This latter problem was implicitly recognized in the report of an Experts Group on Trafficking in Human Beings convened by the European Union in 2003, which actually notes that forced labour is the crucial element of the Protocol, and states that ‘policy interventions should focus on the forced labour and services, including forced sexual services, slavery and slavery-like outcomes of trafficking – no matter how people arrive in these conditions – rather than (or in addition to) the mechanisms of trafficking itself’ (European Commission, 2004: 53). Welcome as this statement is, it does not entirely resolve the problems mentioned above. The concept of ‘forced labour’ itself presents definitional problems (see Anderson and Rogaly, 2005). Indeed, as the International Labour Office (2005: 8) recent report on forced labour in the global economy acknowledges, ‘the line dividing forced labour in the strict legal sense of the term from extremely poor working conditions can at times be very difficult to distinguish’. And even if such definitional problems could be resolved, the Trafficking Protocol would remain a highly selective instrument with which to address the general problem of forced labour because, framed as it is within a Convention on transnational organized crime, the interventions that flow from the Protocol are necessarily only triggered by immigration offences and/or organized criminal activity. As argued below, this means they inevitably focus on an extremely limited and narrow part of the problem.

to catch a victim?

I was recently asked to speak at a conference on trafficking. In the e-mail of invitation, the Conference Producer told me that he was ‘very keen to have at least one presentation on the issue of what happens to the victims of trafficking once they have been caught by the authorities’. Doubtless the words were not intentionally chosen, but nevertheless, I felt this mixture of language, the idea of catching victims, spoke volumes about the limitations of dominant anti-trafficking discourse from a human rights perspective. Framed as a crime control and prevention issue, ‘trafficking’ has been presented as a phenomenon orchestrated by ruthless, transnational organized criminal networks. This not only makes it possible for governments to present measures to prevent irregular forms of migration as though they were simultaneously anti-trafficking measures, but also means that the authorities charged with a responsibility to contain illegal migration and combat organized crime are simultaneously deemed to be frontline actors as regards rescuing VoTs. It is implicitly, sometimes explicitly, assumed that by casting a net to catch immigration offenders and individuals involved in a specific set of criminal activities such as those associated with prostitution, drug running, and people smuggling/trafficking, the authorities will also catch victims.

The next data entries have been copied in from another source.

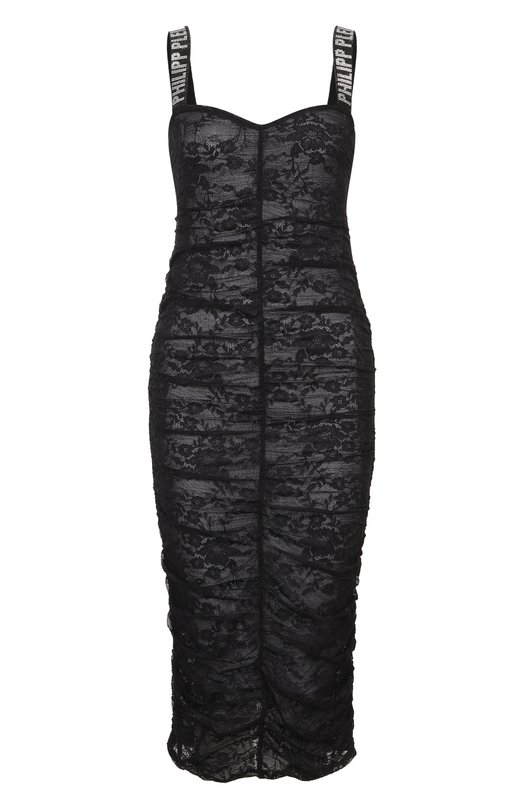 Платье Philipp Plein SAFC WRG3574 PTE003N Чёрный SAFC WRG3574 PTE003N
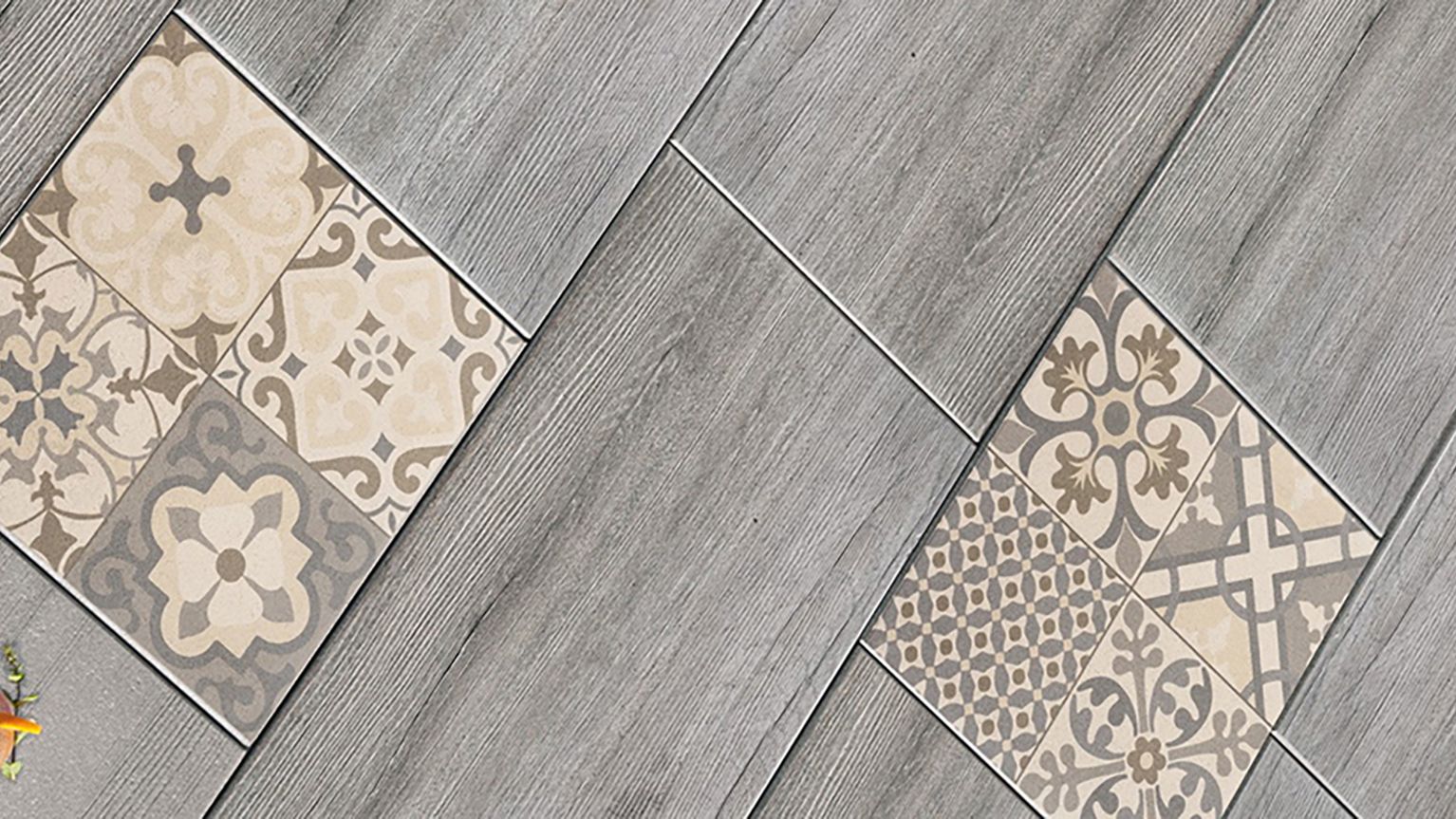 Individuell bedruckte Deco-Platte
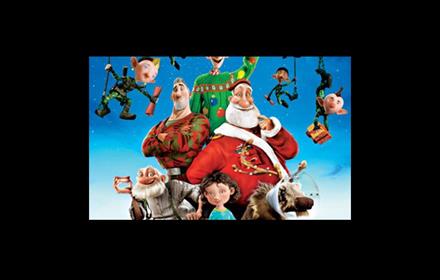 Arthur Christmas poster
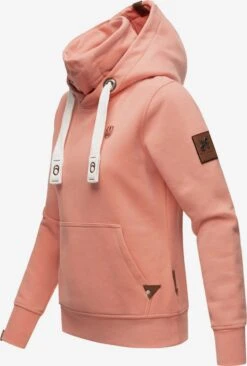 Navahoo Sweats à Capuche Sweat-shirt Raniaa Femme Abricot -About you eb0ff939273ad4e706e47df56487c87d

Leaving aside, for the moment, the problems and conflicts of interests that may arise when police and immigration officials are expected to catch offenders and victims, it is important to note that the waters fished by these actors are extremely limited. The package of violations covered by the UN Protocol definition of ‘trafficking’ (violence, confinement, coercion, deception and exploitation) can and do occur within legally regulated as well as irregular systems of migration and employment, and within legal as well as illegal systems of migration into private households. (For some extremely disturbing examples of forced labour involving migrant workers who entered the UK through perfectly legal channels and were legally employed in the formal economy, including in the public sector, see Anderson and Rogaly, 2005). And yet migrants who have been subject to abuse and exploitation within legal systems of migration are not likely to be caught by police or immigration officials. Indeed, for migrant workers in most sectors in the UK, there is no authority vested with the duty and power to check that they are not being exploited, and if they are, to discover whether their exploitation is linked to the use of force, debt or deception within the migration process.

Although the UN Protocol is often praised for having broadened the international definition of trafficking such that people moved for purposes other than exploitation in prostitution can now be recognized as VoTs, in practice, the sex sector still remains the primary focus of most countries' ‘anti-trafficking’ efforts. However, identifying VoTs in the sex sector requires the authorities to distinguish between forced labour and extremely poor working conditions, and this is no easy task. Before looking at how police and immigration officials in the UK imagine this distinction, I will briefly illustrate the extent of the problem with examples of employment relations and working conditions in just one form of prostitution in one city, London.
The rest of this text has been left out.